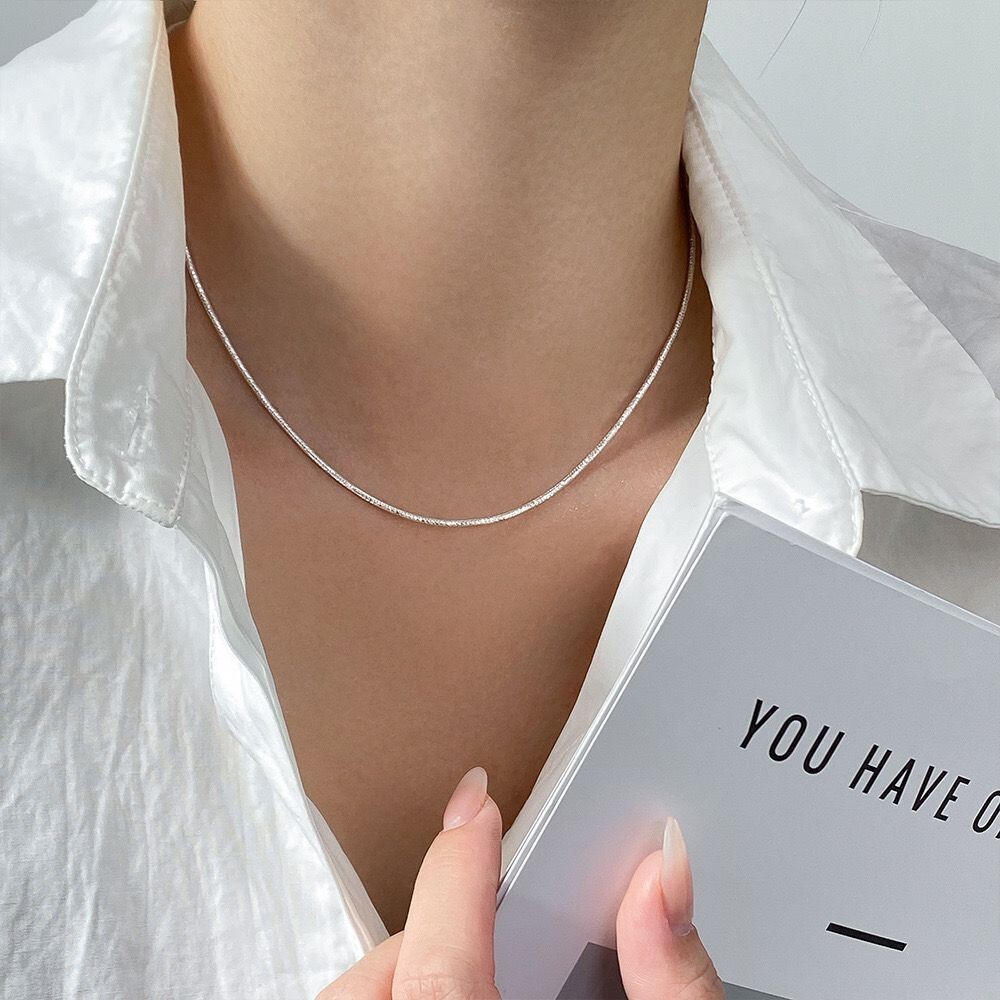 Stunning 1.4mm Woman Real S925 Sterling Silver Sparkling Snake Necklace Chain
==
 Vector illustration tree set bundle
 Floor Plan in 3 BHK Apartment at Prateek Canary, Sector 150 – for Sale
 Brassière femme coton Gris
==
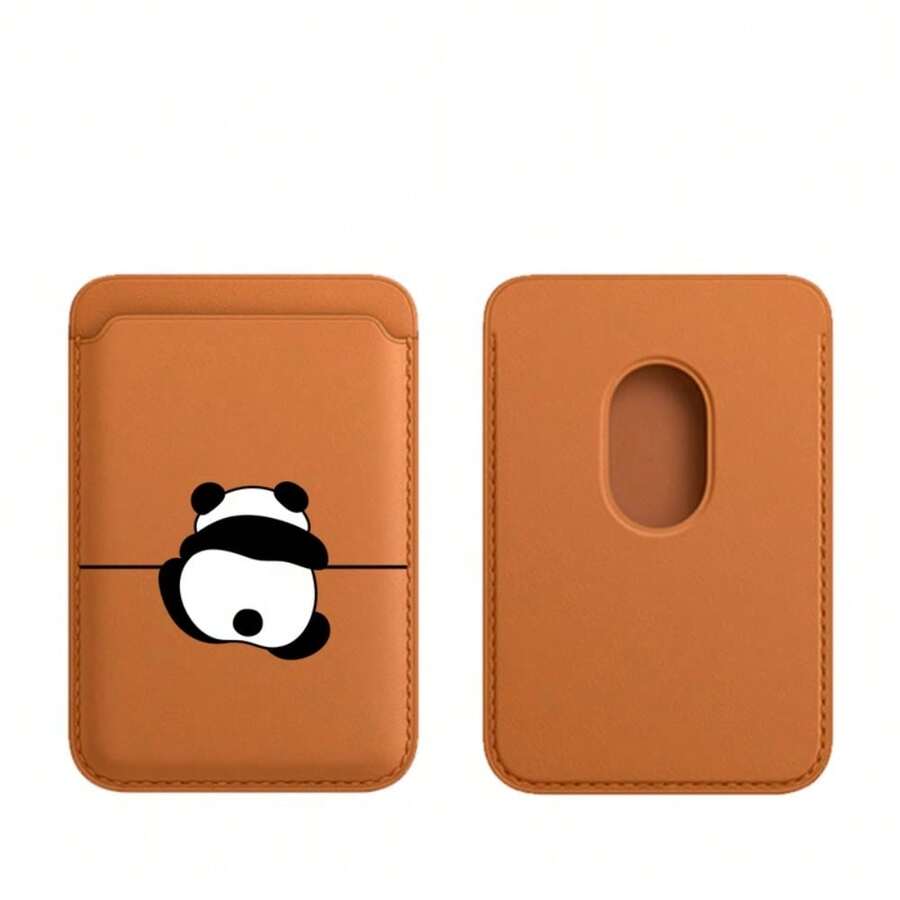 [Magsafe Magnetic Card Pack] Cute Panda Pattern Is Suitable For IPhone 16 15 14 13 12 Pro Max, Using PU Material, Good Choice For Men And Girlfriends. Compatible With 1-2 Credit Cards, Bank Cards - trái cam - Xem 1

Exercise details >> Retype, in the same exact form, the lines of the material above from the line holding "Vector illustration tree set bundle" through the line holding "Brassière femme coton Gris".

Answer for the task >>
 Vector illustration tree set bundle
 Floor Plan in 3 BHK Apartment at Prateek Canary, Sector 150 – for Sale
 Brassière femme coton Gris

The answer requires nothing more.